I thought it might be good to explain what the calcium channel my son's missing does and why it's messed up.

From my research, which I hope is correct, Calcium is a possitive charged ion and called CA2+. It enters the cell when a receptor senses the cell is negatively charged and needs more calcium. This same sensor also senses when the cell is possitively charged and stops too much CA2+ from entering the cell. If people are missing, or are weak in, the CA2+ gene/receptor (also called a 'voltage gated receptor') & exposed to drugs that cause calcium to load into the cell, the drug will block the receptor from sensing it has too much calcium. This causes the cells to die (called calcium loading apoptosis), leading to lethal arrythmias. There is some postulating (in mice) that the receptor 'sparks' open a perfect amount of times per second to allow calcium into and out of the cell. Mice with defective receptors have 4 times more sparks as normal ones. That this could be what causes calcium imbalances during stress and sensitivity to certain drugs. It kind of makes sense that the cells would load more calcium if they open more often.
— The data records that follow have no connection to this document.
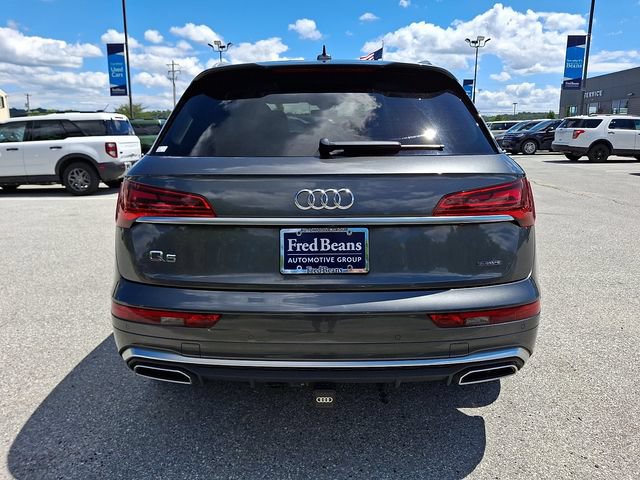 Used 2021 Audi Q5 e Premium Plus w/ Premium Plus Package AWD/4WD image 9
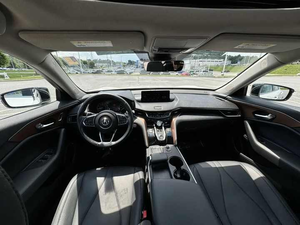 Acura TLX SUV 2024 d'occasion, traction avant, moteur 4L, boîte manuelle/automatique, sièges en cuir, écran tactile, caméra de recul, émissions Euro IV, phares au xénon - Product Image 3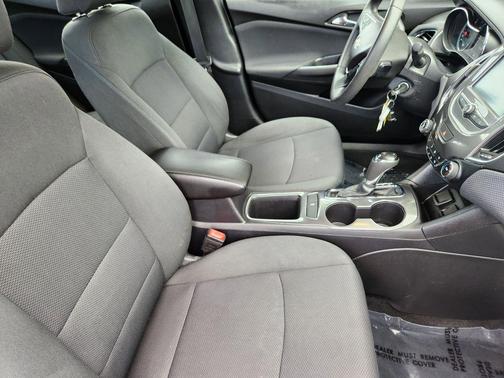 Pepperdust Metallic 2018 Chevrolet Cruze LT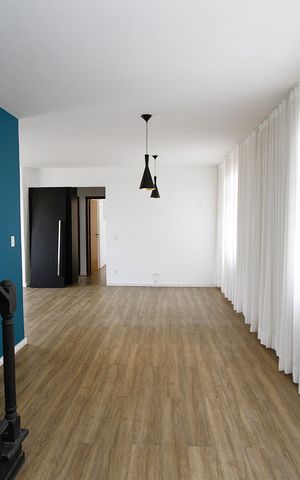 Apartamento para alugar com 200m², 2 quartos e 4 vagasSala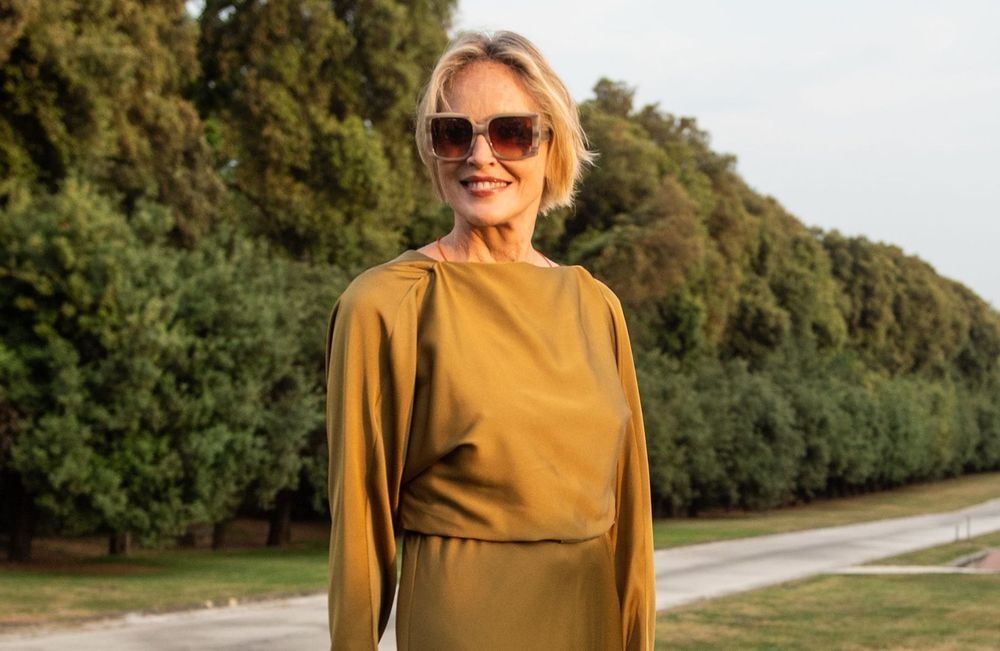Sharon Stone, 67 ans, divine en robe cintrée et satinée à Naples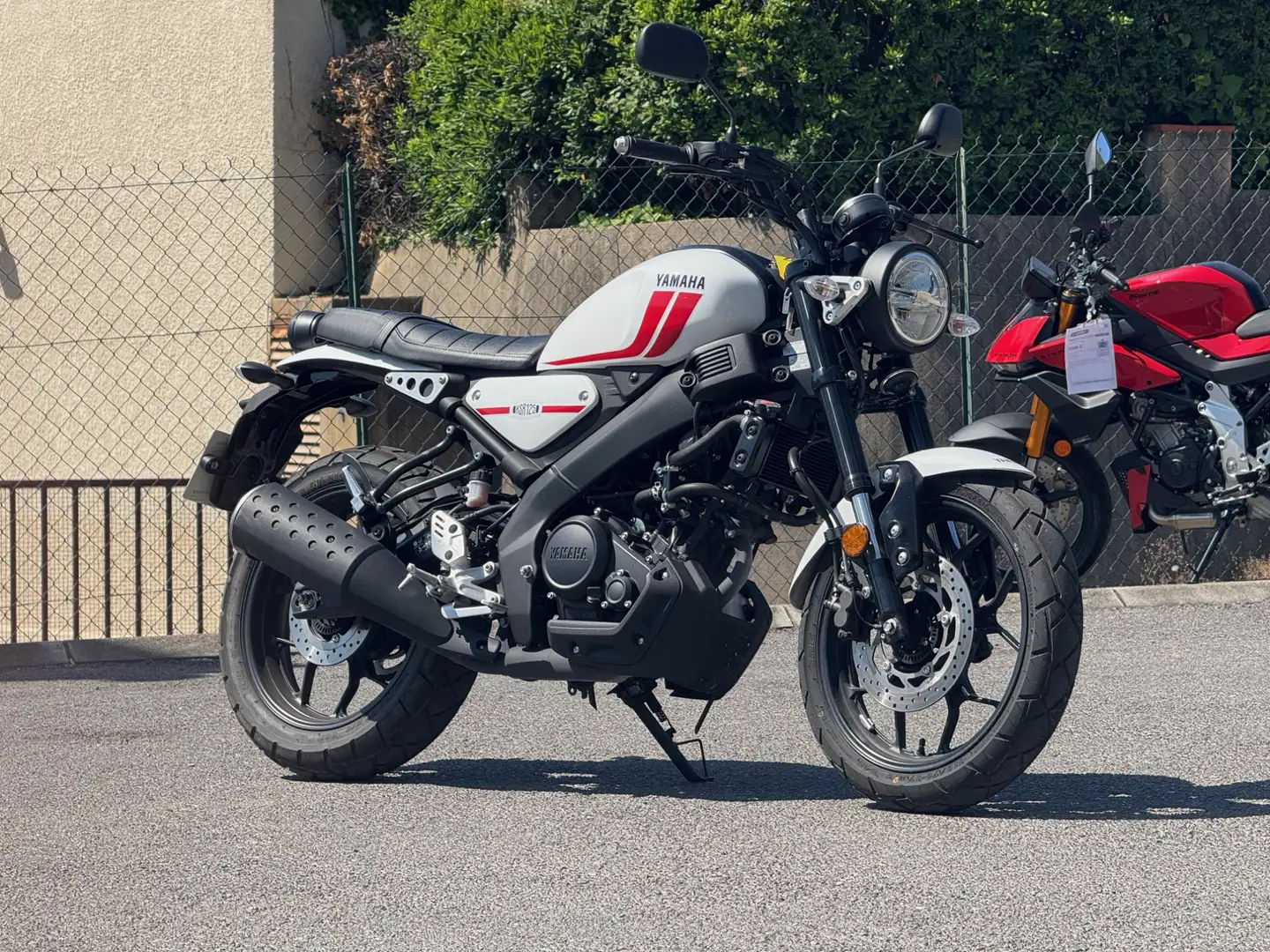 Yamaha XSR 125 Blanc - 1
Aluminasilicate (a possitively charged metal) can prevent calcium from entering the cell by blocking it in people with defective calcium channels. Apparently, this causes a multitude of diseases (Alzheimer's being one).

Anyone can be given a drug or exposed to a toxin that can mess up a person's genes and make them sensitive (like chlorine by-products, also known as PBC's, that are felt to be responsible for birth defects and Autism). I feel vaccines have this potential, and this could be why 1/3 of all SIDS deaths are reported as potentially being messed up sensors of Calcium, sodium and potassium. Drugs like calcium channel blockers, anasthesia, phen phen, meridia, can cause heart arrhythmia, stroke or heart attack in these people.

Mice exposed to certain chemicals like PBC's in the womb develop the same heart defects as my son.